Quality guidelines - basic principles

* Make pages for users, not for search engines. Don't deceive your users or present different content to search engines than you display to users, which is commonly referred to as "cloaking."
* Avoid tricks intended to improve search engine rankings. A good rule of thumb is whether you'd feel comfortable explaining what you've done to a website that competes with you. Another useful test is to ask, "Does this help my users? Would I do this if search engines didn't exist?"
* Don't participate in link schemes designed to increase your site's ranking or PageRank. In particular, avoid links to web spammers or "bad neighborhoods" on the web, as your own ranking may be affected adversely by those links.
* Don't use unauthorized computer programs to submit pages, check rankings, etc. Such programs consume computing resources and violate our Terms of Service. Google does not recommend the use of products such as WebPosition Gold™ that send automatic or programmatic queries to Google.
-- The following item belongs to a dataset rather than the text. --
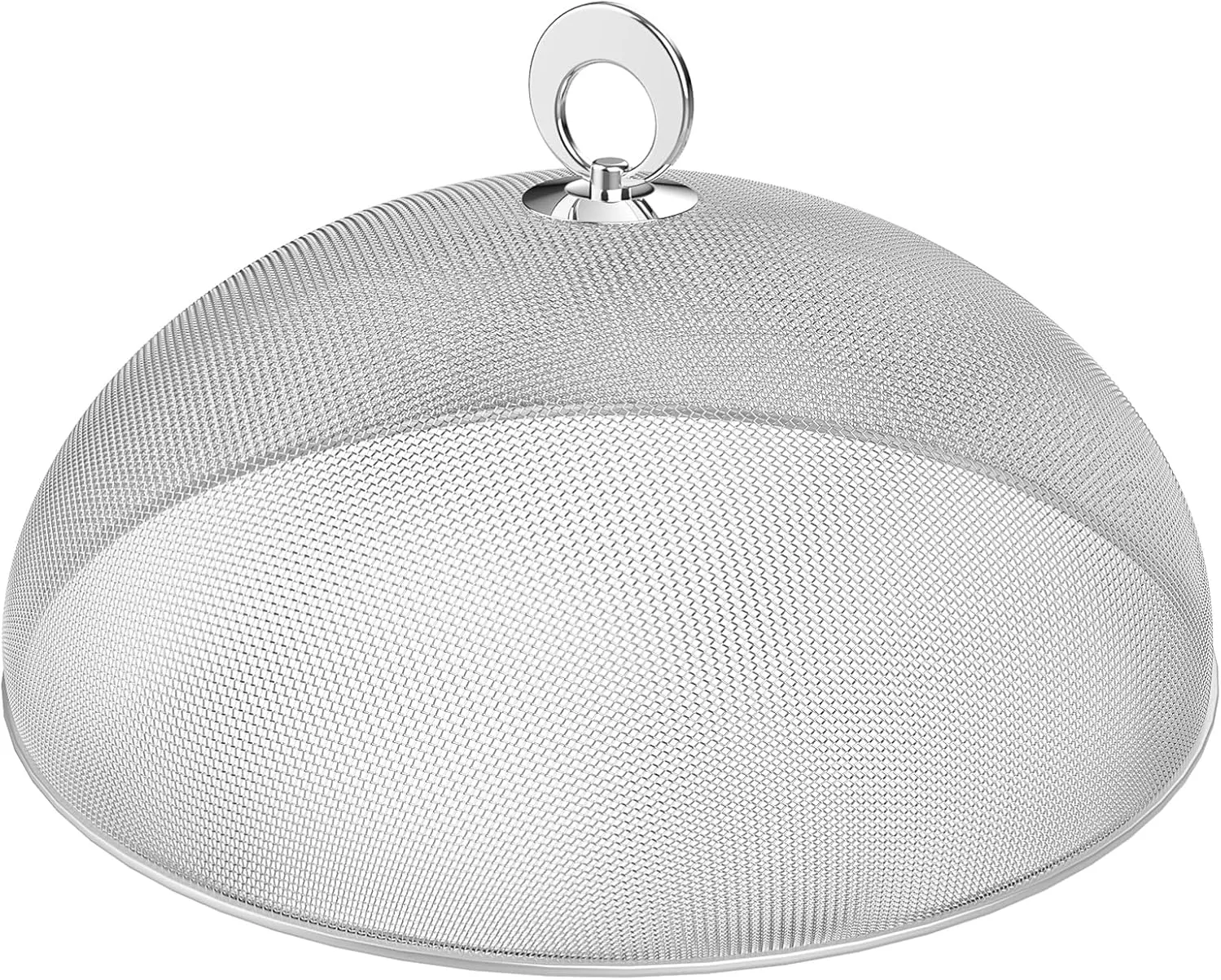 Food Tents 1pc Mesh Food Cover, Stainless Steel Food Tent, Large Screen Food Cover Tent, Metal Mesh Food Cover for Indoor Outdoor Picnic Caming (15.7inch/ 40cm) Picnic Accessories
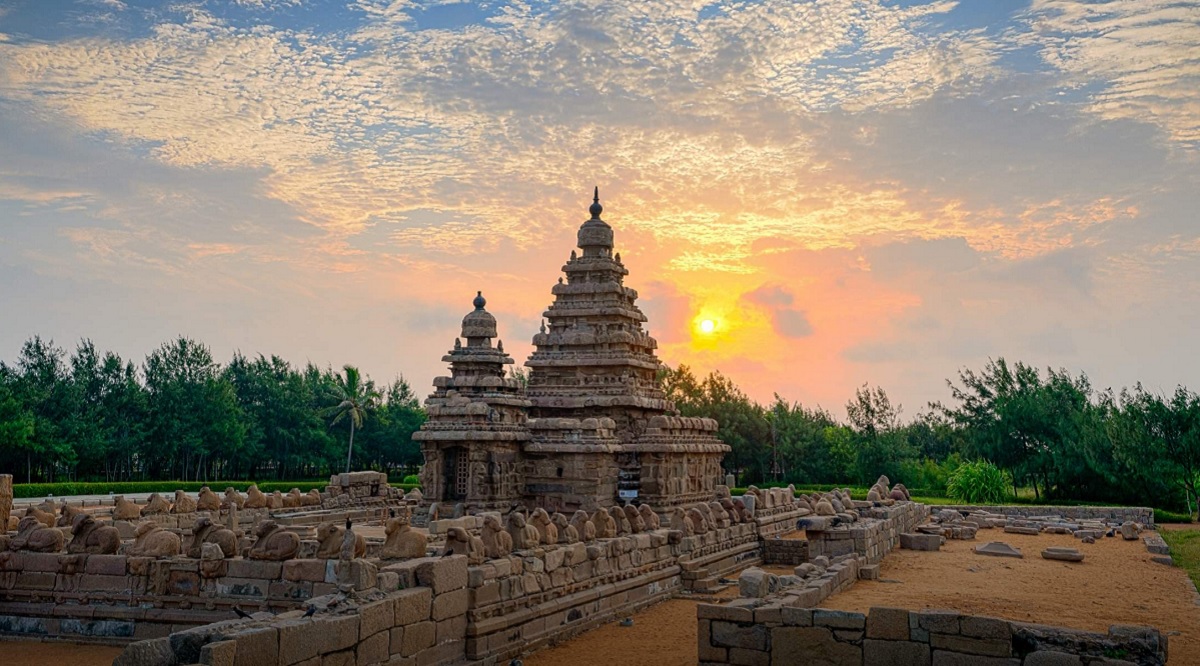 Mahabalipuram, Tamil Nadu  South India in June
Quality guidelines - specific guidelines

* Avoid hidden text or hidden links.
* Don't employ cloaking or sneaky redirects.
* Don't send automated queries to Google.
* Don't load pages with irrelevant words.
* Don't create multiple pages, subdomains, or domains with substantially duplicate content.
* Don't create pages that install viruses, trojans, or other badware.
* Avoid "doorway" pages created just for search engines, or other "cookie cutter" approaches such as affiliate programs with little or no original content.
* If your site participates in an affiliate program, make sure that your site adds value. Provide unique and relevant content that gives users a reason to visit your site first.

If a site doesn't meet our quality guidelines, it may be blocked from the index. If you determine that your site doesn't meet these guidelines, you can modify your site so that it does and request reinclusion.